O moral do Japão para a despedida da Copa das Confederações está alto. O time fez um grande jogo contra a Itália, apesar da derrota por 4 a 3. "Fomos melhores durante 70 minutos, mas a Itália nos venceu porque tem experiência e aproveitaram a oportunidade que tiveram", disse o técnico Alberto Zaccheroni, italiano que tenta dar um novo estilo ao futebol japonês, de mais toque de bola.
Imprimir uma nova cara à seleção japonesa foi possível graças a "internacionalização" dos principais jogadores. Honda joga no CSKA Moscou (Rússia); Kagawa, no Manchester United (Inglaterra); e Nagatomo, na Internazionale (Itália). Com isso, a seleção ganhou qualidade em relação à última década.
Zaccheroni foi enfático ao dizer que não irá mudar a maneira de sua seleção jogar após as derrotas para Brasil e Itália. Ele aposta no sistema 4-5-1. Sua força está no meio de campo com Kagawa, o organizador. "Não penso em nenhum outro sistema, pois tivemos resultados com ele. Quero velocidade, mas com foco. Contra a Itália tivemos velocidade, não erramos passes e controlamos bem a bola", afirmou.

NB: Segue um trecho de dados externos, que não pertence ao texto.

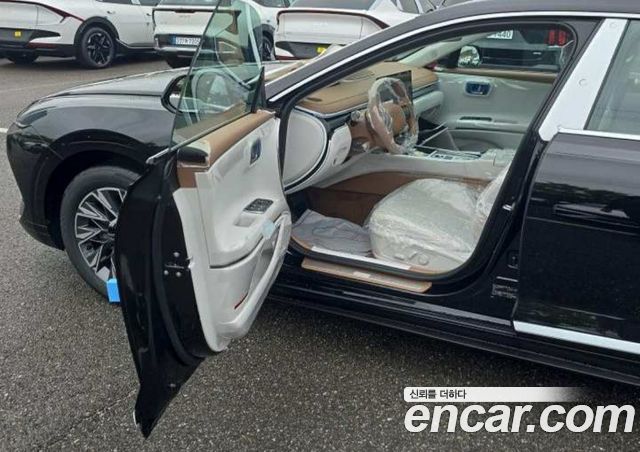 Hyundai Grandeur Premium — пробег 1 км — фото 4 из 5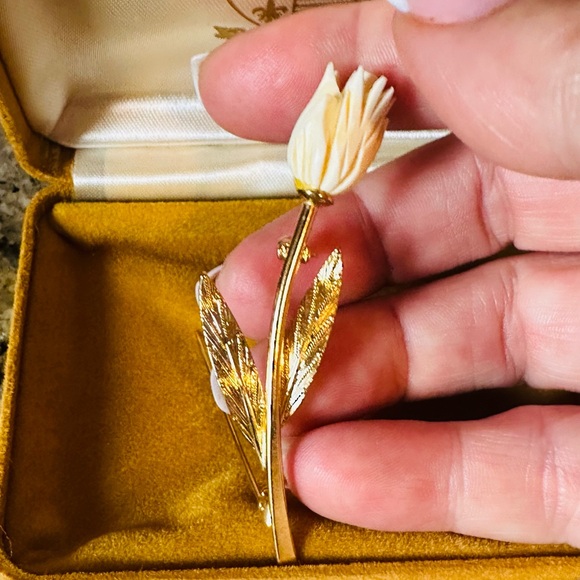 Elegant Gold and White Tulip Flower Carved Vintage Brooch - Picture 4 of 5
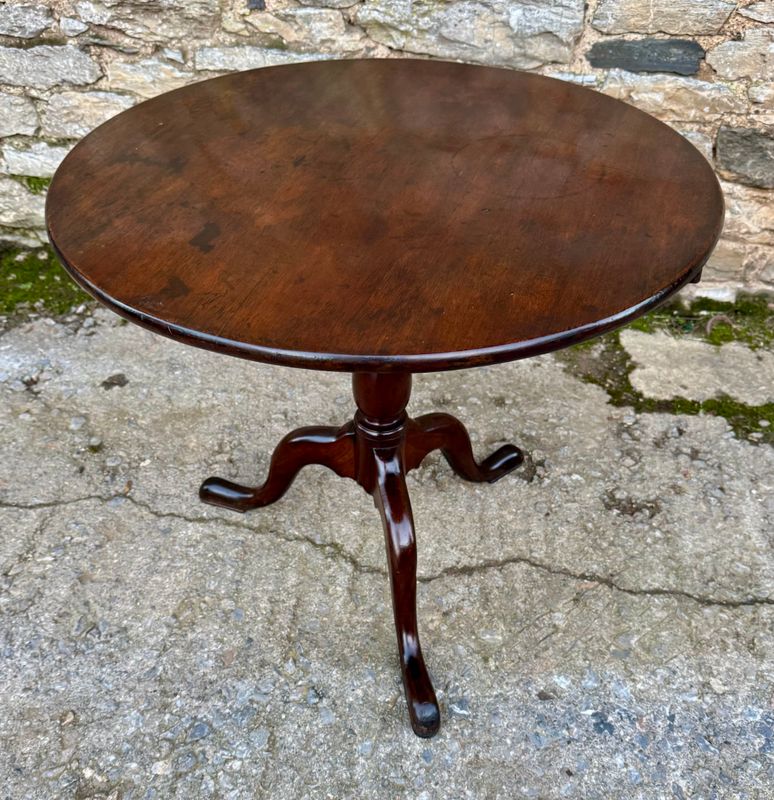 Georgian Mahogany Occasional Tilt Top Table
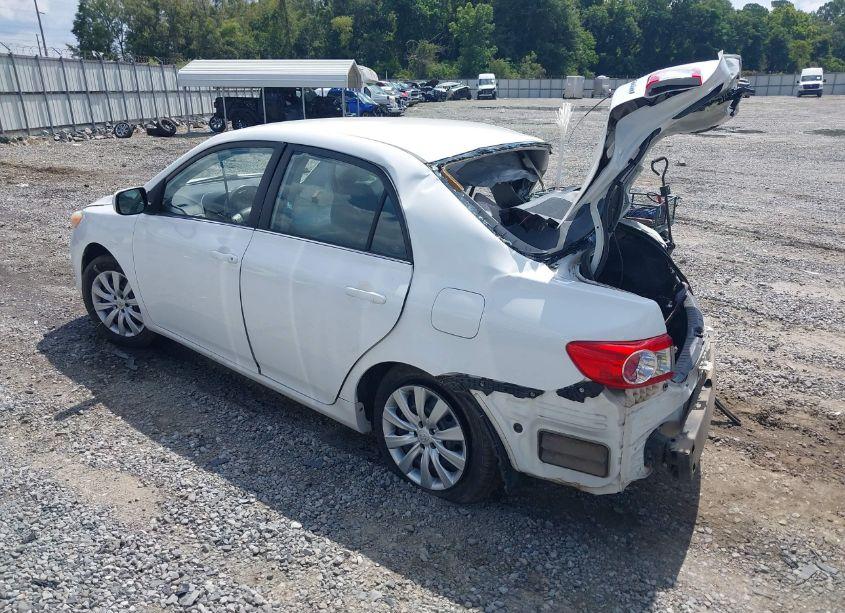 Photo 3 of 2013 Toyota Corolla LE (VIN 5YFBU4EE0DP158066)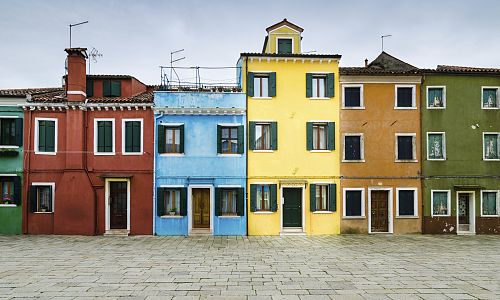 Typicky barevné ostrovní domy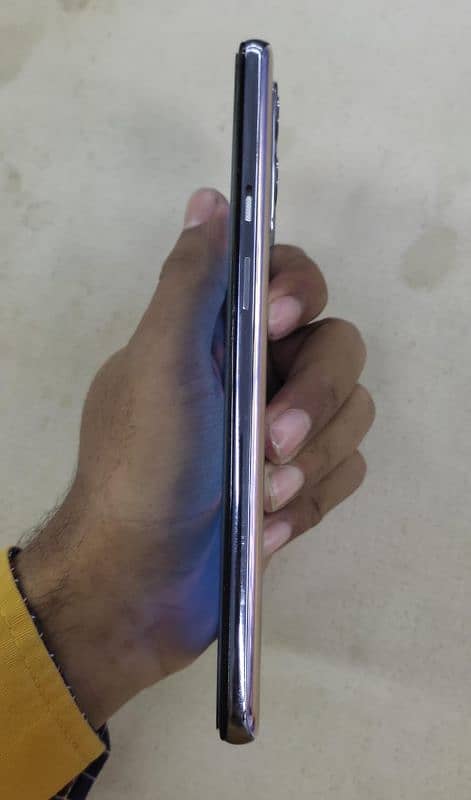 OnePlus 9 urgent sale 3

Seu temor é a condição física dos jogadores para a partida devido à intensidade que o time mostrou contra a Itália. Zaccheroni cogitou substituir algum atleta que não esteja 100%. E não confirmou o substituto do volante e capitão Hasebe, que está suspenso.
Outra preocupação de Zaccheroni: a movimentação dos atacantes do México, em especial de Javier "Chicharito" Hernández, parceiro de Kagawa no Manchester United, além das variações táticas da equipe mexicana. "Ele (Chicharito) é um grande atacante e todo o sistema defensivo precisa estar atento", disse Kagawa.
PRESSÃO - O México chegou pressionado pela campanha ruim nas Eliminatórias na Concacaf. As derrotas para Itália e Brasil catalisaram as críticas ao técnico Manuel de La Torre. O esquema 4-2-3-1 não deslanchou apesar de ter um atacante veloz como Chicarito como referência e bons valores no meio de campo, como Giovanni dos Santos. Mier é um outro destaque no apoio pela esquerda.
Uma derrota para o Japão mesmo no jogo dos "eliminados" não deve custar a cabeça de De La Torre, segundo a imprensa mexicana. Mas a próxima competição - a Copa Ouro, em julho - será fundamental para a permanência dele. Também contra o México está o Mineirão. O Japão tem a preferência da torcida - mais de 40 mil ingressos já foram vendidos. De amistoso este jogo não tem nada.